As a result of these and other risks, our acquisitions, investments or strategic transactions may not reap the intended benefits and may ultimately have a negative impact on our business, results of operation and financial condition.
Changes in government regulation affecting the communications industry and the businesses of our customers could harm our prospects and operating results.
The Federal Communications Commission, or FCC, has jurisdiction over the U.S. communications industry and similar agencies have jurisdiction over the communication industries in other countries. Many of our largest customers are subject to the rules and regulations of these agencies. Changes in regulatory requirements applicable to wireline or wireless communications and the Internet in the United States or other countries could inhibit service providers from investing in their communications network infrastructures or introducing new services. These changes could adversely affect the sale of our products and services. Changes in regulatory tariff requirements or other regulations relating to pricing or terms of carriage on communications networks could slow the development or expansion of network infrastructures and adversely affect our business, operating results, and financial condition.
Governmental regulations affecting the use, import or export of products could negatively affect our revenue.
The United States and various foreign governments have imposed controls, license requirements and other restrictions on the usage, import or export of some of the technologies that we sell. Governmental regulation of usage, import or export of our products, technology within our products, or our failure to obtain required approvals for our products, could harm our international and domestic sales and adversely affect our revenue and costs of sales. Failure to comply with such regulations could result in enforcement actions, fines or penalties and restrictions on export privileges. In addition, costly tariffs on our equipment, restrictions on importation, trade protection measures and domestic preference requirements of certain countries could limit our access to these markets and harm our sales. For example, India's government has recently implemented and is considering additional security regulations applicable to network equipment vendors, and has imposed significant tariffs that may inhibit sales of certain communications equipment; including equipment manufactured in China, where certain of our products are assembled. These and other regulations could adversely affect the sale or use of our products, substantially increase our cost of sales and could adversely affect our business and revenue.
Governmental regulations related to the environment and potential climate change, could adversely affect our business and operating results.
Our operations are regulated under various federal, state, local and international laws relating to the environment and potential climate change. We could incur fines, costs related to damage to property or personal injury, and costs related to investigation or remediation activities, if we were to violate or become liable under these laws or regulations. Our product design efforts, and the manufacturing of our products, are also subject to evolving requirements relating to the presence of certain materials or substances in our equipment, including regulations that make producers for such products financially responsible for the collection, treatment and recycling of certain products. For example, our operations and financial results may be negatively affected by environmental regulations, such as the Waste Electrical and Electronic Equipment (WEEE) and Restriction of the Use of Certain Hazardous Substances in Electrical and Electronic Equipment (RoHS) that have been adopted by the European Union. Compliance with these and similar environmental regulations may increase our cost of designing, manufacturing, selling and removing our products. These regulations may also make it difficult to obtain supply of compliant components or require us to write off non-compliant inventory, which could have an adverse effect our business and operating results.

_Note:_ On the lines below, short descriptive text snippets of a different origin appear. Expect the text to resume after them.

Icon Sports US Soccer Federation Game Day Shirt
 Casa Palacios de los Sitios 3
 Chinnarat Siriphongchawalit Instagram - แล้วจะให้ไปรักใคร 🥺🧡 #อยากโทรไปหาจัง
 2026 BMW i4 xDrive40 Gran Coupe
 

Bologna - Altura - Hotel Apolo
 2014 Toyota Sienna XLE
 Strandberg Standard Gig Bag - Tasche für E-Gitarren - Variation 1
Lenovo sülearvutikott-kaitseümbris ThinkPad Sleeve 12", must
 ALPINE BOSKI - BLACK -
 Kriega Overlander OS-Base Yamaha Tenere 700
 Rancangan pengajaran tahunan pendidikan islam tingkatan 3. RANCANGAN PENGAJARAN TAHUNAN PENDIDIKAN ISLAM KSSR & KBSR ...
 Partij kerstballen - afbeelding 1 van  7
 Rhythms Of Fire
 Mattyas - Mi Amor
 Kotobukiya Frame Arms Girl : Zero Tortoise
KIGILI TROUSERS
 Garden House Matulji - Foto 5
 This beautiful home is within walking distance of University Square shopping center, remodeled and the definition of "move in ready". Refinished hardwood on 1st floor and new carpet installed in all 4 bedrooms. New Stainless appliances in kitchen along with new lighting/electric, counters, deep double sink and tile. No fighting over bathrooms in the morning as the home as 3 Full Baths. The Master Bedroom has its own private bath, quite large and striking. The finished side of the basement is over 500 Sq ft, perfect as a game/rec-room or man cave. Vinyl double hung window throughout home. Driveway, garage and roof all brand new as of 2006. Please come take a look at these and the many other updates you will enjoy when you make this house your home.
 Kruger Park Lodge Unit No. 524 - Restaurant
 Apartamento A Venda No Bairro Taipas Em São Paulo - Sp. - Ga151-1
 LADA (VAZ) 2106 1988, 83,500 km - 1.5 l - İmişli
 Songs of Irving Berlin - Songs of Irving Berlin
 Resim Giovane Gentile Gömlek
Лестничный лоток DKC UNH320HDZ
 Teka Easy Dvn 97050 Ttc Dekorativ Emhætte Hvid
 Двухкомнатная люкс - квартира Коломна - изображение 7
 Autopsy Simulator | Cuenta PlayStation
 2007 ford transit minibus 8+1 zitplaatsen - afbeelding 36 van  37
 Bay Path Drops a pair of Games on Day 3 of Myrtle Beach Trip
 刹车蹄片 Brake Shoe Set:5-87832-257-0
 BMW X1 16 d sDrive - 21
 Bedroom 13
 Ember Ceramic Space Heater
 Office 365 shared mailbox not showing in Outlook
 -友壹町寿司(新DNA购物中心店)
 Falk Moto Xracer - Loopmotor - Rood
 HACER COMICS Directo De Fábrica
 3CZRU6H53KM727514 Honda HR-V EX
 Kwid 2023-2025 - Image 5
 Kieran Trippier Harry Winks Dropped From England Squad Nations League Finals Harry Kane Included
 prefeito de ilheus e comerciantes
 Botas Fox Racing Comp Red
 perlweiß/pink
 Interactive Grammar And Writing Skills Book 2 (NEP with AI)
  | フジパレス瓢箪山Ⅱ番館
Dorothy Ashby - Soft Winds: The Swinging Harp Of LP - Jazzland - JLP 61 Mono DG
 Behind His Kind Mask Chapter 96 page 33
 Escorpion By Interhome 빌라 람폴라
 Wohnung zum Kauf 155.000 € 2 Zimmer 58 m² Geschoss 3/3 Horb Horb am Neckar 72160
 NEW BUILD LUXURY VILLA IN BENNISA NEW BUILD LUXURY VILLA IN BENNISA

We may be required to write down long-lived assets and these impairment charges would adversely affect our operating results.
As of October 31, 2011, our balance sheet includes $504.6 million in long-lived assets, which includes $331.6 million million of intangible assets. Valuation of our long-lived assets requires us to make assumptions about future sales prices and sales volumes for our products. These assumptions are used to forecast future, undiscounted cash flows. Given the significant uncertainty and instability of macroeconomic conditions in recent periods, forecasting future business is difficult and subject to modification. If actual market conditions differ or our forecasts change, we may be required to reassess long-lived assets and could record an impairment charge. Any impairment charge relating to long-lived assets would have the effect of decreasing our earnings or increasing our losses in such period. If we are required to take a substantial impairment charge, our operating results could be materially adversely affected in such period.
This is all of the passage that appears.